A note on the lab structure: instruction memory in the early Lab 10 circuit is a placeholder — you can manually poke values into the ROM and manually set the register-read inputs to verify the datapath before the decoders and control are fully wired. Lab 10 has you build two processors: one that extends the Lab 09 design with manual control, and one that adds the real instruction decoder, register decoder, and immediate decoder so small programs run automatically.
2. The Instruction Fetch Path: PC to ROM¶
The first decoding problem is purely about addressing. The PC is a 64-bit register, but the instruction ROM in this lab has only 8 address bits, holding 2^8 = 256 instructions.
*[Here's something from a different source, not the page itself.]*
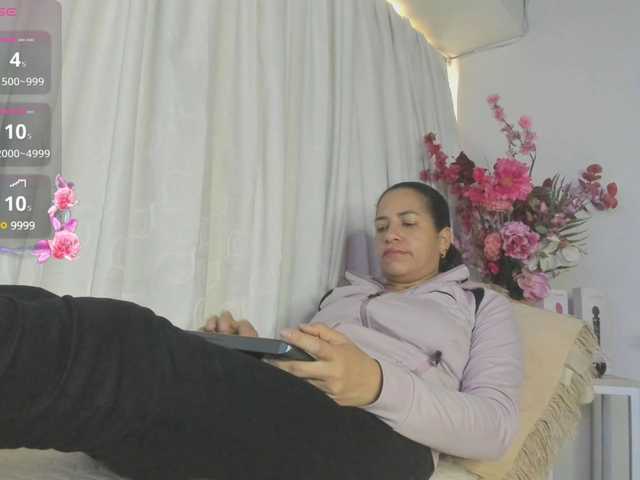 JOANNE1111 webcam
We need to convert the wide PC value into the narrow ROM address.
PC ROM
+------------+ 64 +-----+ 8 +--------------------+ 32
| 64-bit |---/----| ??? |---/----| 32-bit elements |---/--- IW
| Register | +-----+ | 8 address bits |
+------------+ (convert) | 2^8 = 256 entries |
byte addr word addr +--------------------+
The ROM is organized as an array of 32-bit words, indexed 0 .. 255:
The "???" box is the address-conversion logic. Its job is to take a 64-bit byte address and produce an 8-bit word address (or word index) for the ROM.
Why a register holds the PC, not a counter. The PC is a plain 64-bit register so that branch and jump instructions can load an arbitrary computed address into it. On a normal cycle it advances by 4 (one instruction), but it must also be able to jump anywhere.
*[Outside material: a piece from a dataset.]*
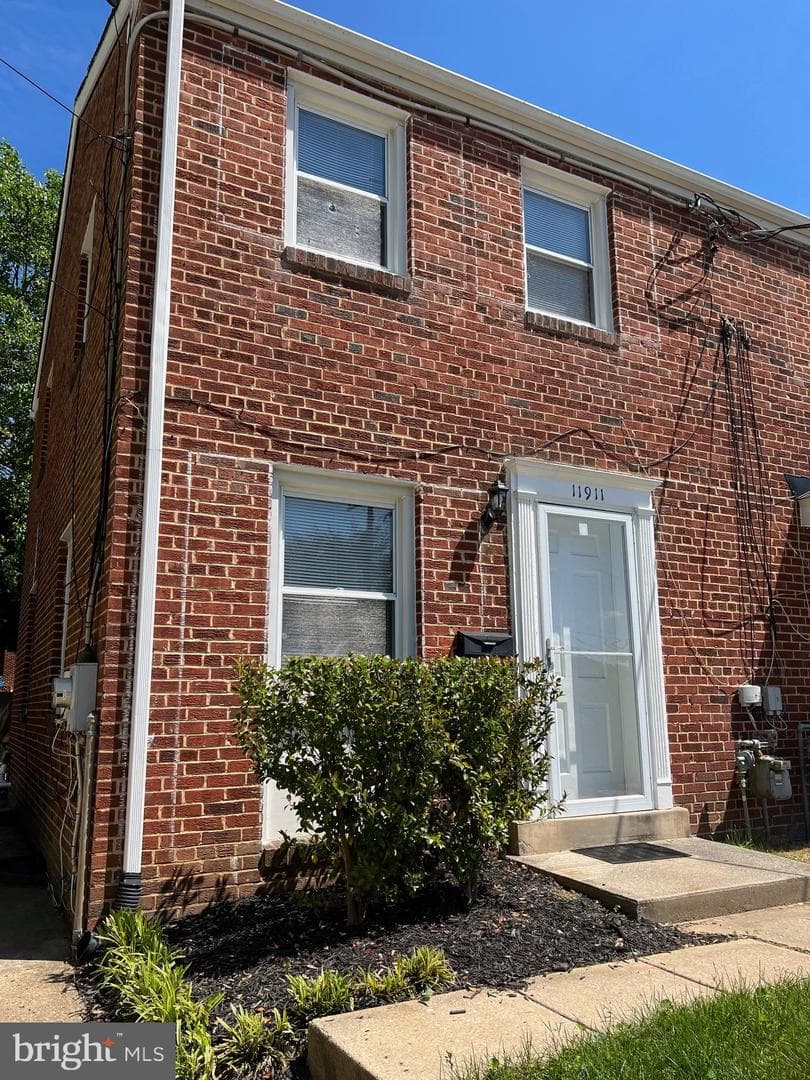 11911 Centerhill Street photo 3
3. Byte Addresses vs. Word Addresses¶
This is the single most important idea on the fetch path, and it carries over directly from Project05. All addresses in registers are byte addresses — the smallest addressable unit of memory is one byte. But each RISC-V instruction is 4 bytes (32 bits), so consecutive instructions live at byte addresses 0, 4, 8, 12, … while consecutive ROM entries (words) are indexed 0, 1, 2, 3, ….
The relationship is simply division by 4 (equivalently, a right shift by 2):
The diagram below lines up byte addresses against word addresses. Four consecutive bytes form one word:
byte addr word addr
17 | |
16 | | --+
15 | | |
14 | | +-- word 3 (bytes 12,13,14,15)
13 | | |
12 | | --+
11 | | --+
10 | | |
9 | | +-- word 2 (bytes 8,9,10,11)
8 | | --+
7 | | --+
6 | | |
5 | | +-- word 1 (bytes 4,5,6,7)
4 | | --+
3 | | --+
2 | | |
1 | | +-- word 0 (bytes 0,1,2,3)
0 | | --+
So byte address 12 is word index 3 because 12 / 4 = 3, and byte address 8 is word index 2 because 8 / 4 = 2. The lower two bits of a byte address (the byte index within a word) are exactly what >> 2 throws away.
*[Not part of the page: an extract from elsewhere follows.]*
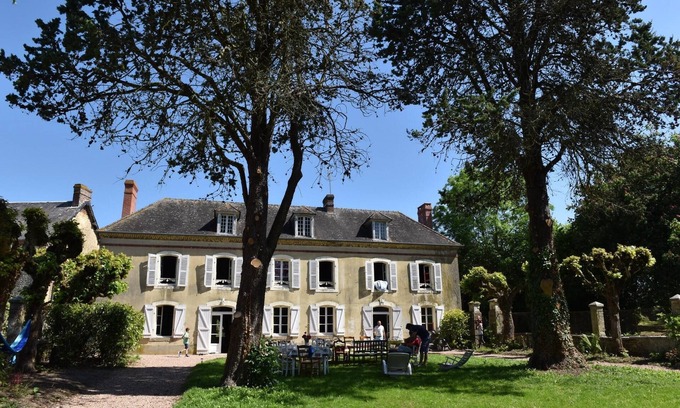 Sainte-Scolasse-sur-Sarthe Casa | Villa Creek.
| Byte address (decimal) | Byte address (binary) | >> 2 |
Word index |
|---|---|---|---|
| 0 | ...000000 |
drop low 2 bits | 0 |
| 4 | ...000100 |
drop low 2 bits | 1 |
| 8 | ...001000 |
drop low 2 bits | 2 |
| 12 | ...001100 |
drop low 2 bits | 3 |
| 16 | ...010000 |
drop low 2 bits | 4 |
Because instructions are always 4-byte aligned, the bottom two bits of every instruction's byte address are 00, which is why dividing by 4 is exact and never loses information.
4. Three Ways to Convert the Address¶
The instructor sketched three implementations of the "???" box, from most literal to most elegant. All three feed an 8-bit word address into the ROM's A input. The reason we keep only 8 bits is that the ROM has 256 entries — the higher address bits are always zero for our small programs, so we splice off bits 7–0 after the shift.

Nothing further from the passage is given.